# Exercise prompt
Omit any pictures, and restate word for word only the lines from the one with "Silverdale Highgrove Traditional" through the end of the data below.

# Source data
>>>>>

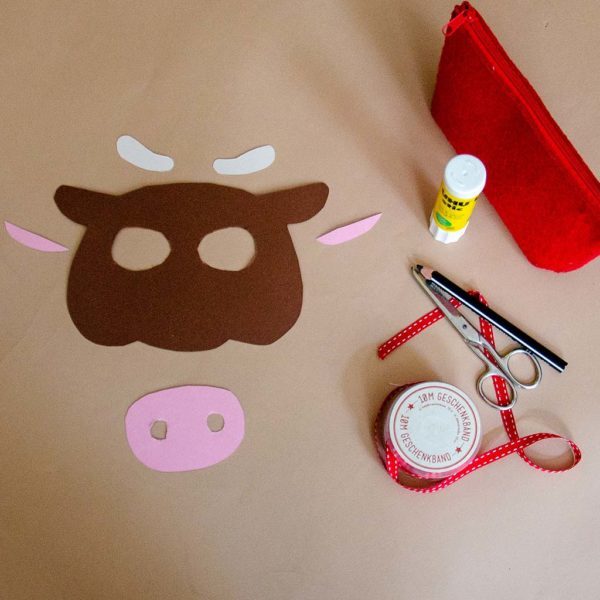  Tiermasken basteln - 8 tolle Vorlagen - AUSGEFUXT Bildidee 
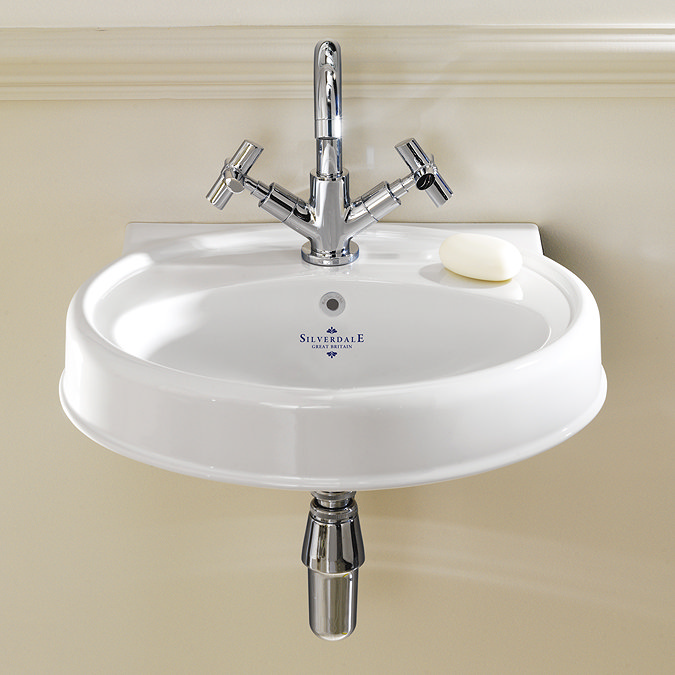 Silverdale Highgrove Traditional Cloakroom Basin - 490mm Wide Large Image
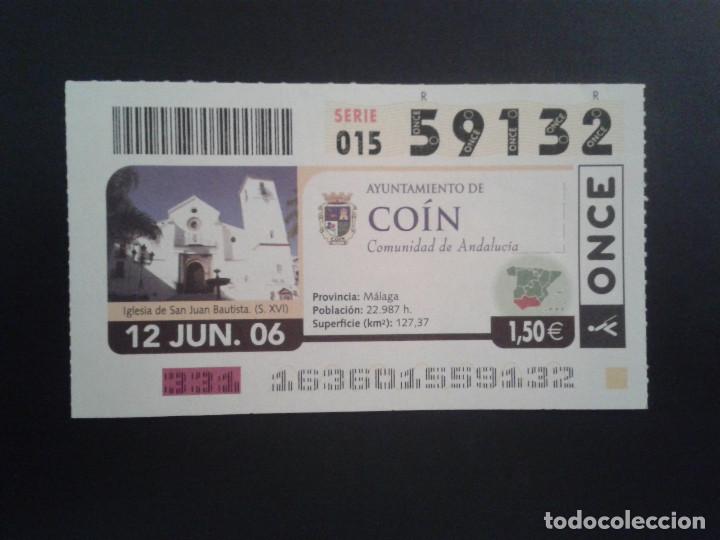 Billets ONCE: CUPON DE LA ONCE. 12/06/2006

<<<<<

# Exercise result
 Silverdale Highgrove Traditional Cloakroom Basin - 490mm Wide Large Image
 Billets ONCE: CUPON DE LA ONCE. 12/06/2006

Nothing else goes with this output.